TASK BRIEF >>
Your answer should be the lines below from the one holding "Front Of Beach" through the one holding "Porsche 911 3.0i", copied exactly and with nothing else.

TASK INPUTS Block Start

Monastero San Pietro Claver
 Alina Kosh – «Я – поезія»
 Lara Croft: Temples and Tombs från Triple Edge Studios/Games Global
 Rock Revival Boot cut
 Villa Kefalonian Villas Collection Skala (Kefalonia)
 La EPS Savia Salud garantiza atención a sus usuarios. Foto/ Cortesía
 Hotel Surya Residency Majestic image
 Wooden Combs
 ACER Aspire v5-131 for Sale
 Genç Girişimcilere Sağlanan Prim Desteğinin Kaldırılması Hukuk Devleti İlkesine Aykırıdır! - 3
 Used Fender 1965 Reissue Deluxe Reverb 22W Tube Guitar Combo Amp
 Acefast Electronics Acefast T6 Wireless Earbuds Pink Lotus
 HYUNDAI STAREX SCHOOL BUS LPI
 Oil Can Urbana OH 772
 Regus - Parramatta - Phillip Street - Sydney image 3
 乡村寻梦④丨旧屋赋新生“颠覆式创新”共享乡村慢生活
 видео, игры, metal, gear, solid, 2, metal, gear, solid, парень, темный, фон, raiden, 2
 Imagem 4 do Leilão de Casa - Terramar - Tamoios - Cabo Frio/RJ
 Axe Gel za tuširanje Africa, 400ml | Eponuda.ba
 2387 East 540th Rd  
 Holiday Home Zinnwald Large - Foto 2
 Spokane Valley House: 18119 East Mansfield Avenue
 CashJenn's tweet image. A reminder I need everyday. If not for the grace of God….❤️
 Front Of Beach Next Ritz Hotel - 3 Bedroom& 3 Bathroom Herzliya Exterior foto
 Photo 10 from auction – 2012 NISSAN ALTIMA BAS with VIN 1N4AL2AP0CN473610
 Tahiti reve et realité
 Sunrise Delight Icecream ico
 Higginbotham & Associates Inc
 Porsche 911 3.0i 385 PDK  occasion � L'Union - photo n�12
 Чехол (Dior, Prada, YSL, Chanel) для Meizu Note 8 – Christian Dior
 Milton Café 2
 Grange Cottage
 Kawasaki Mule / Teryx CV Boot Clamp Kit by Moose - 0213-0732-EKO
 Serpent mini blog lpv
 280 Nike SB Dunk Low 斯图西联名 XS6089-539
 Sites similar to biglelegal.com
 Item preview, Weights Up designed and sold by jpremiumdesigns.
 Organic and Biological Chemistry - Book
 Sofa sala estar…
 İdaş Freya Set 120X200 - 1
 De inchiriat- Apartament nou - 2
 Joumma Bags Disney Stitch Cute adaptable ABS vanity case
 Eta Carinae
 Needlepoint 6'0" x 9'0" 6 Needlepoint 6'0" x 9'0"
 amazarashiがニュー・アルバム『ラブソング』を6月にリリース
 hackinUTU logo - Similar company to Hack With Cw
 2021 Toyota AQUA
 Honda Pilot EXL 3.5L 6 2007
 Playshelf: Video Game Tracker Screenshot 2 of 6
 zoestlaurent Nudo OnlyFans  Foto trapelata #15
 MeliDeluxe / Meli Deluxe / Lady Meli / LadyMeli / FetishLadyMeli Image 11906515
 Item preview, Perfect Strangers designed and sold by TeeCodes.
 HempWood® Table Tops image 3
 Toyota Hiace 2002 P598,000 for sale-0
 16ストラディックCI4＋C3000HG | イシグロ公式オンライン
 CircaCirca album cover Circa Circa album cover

TASK INPUTS Block End

SOLUTION BELOW >>
 Front Of Beach Next Ritz Hotel - 3 Bedroom& 3 Bathroom Herzliya Exterior foto
 Photo 10 from auction – 2012 NISSAN ALTIMA BAS with VIN 1N4AL2AP0CN473610
 Tahiti reve et realité
 Sunrise Delight Icecream ico
 Higginbotham & Associates Inc
 Porsche 911 3.0i 385 PDK  occasion � L'Union - photo n�12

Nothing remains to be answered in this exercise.